Give back, unaltered, the lines from the one with "ZLINE Autograph Edition" to the end of the material, omitting pictures.

(Collected data Opens)

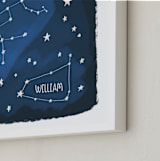 "Constellations" - Personalized Art Print in Midnight Blue by Morgan Kendall - Frame Close-up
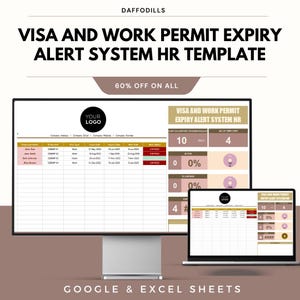 May include: A digital HR template for visa and work permit expiry alerts, displayed on a desktop monitor and laptop. The template includes a table with employee data and expiry dates, with the text "VISA AND WORK PERMIT EXPIRY ALERT SYSTEM HR TEMPLATE".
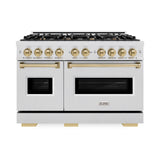 ZLINE Autograph Edition 48 in. 6.7 cu. ft. Classic Double Oven Dual Fuel Range with 8 Burner Gas Cooktop in Satin Stainless Steel and Champagne Bronze Accents (CDRSZ-48-CB)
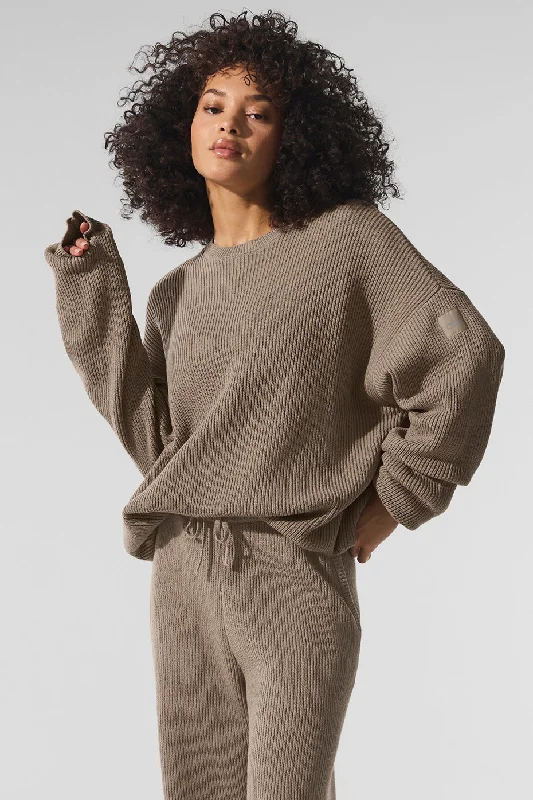 Domain Rib Knit Crew Sweater - Gravel Hooded Caped Shawl Collar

(Collected data Closes)

Expected answer:
 ZLINE Autograph Edition 48 in. 6.7 cu. ft. Classic Double Oven Dual Fuel Range with 8 Burner Gas Cooktop in Satin Stainless Steel and Champagne Bronze Accents (CDRSZ-48-CB)
 Domain Rib Knit Crew Sweater - Gravel Hooded Caped Shawl Collar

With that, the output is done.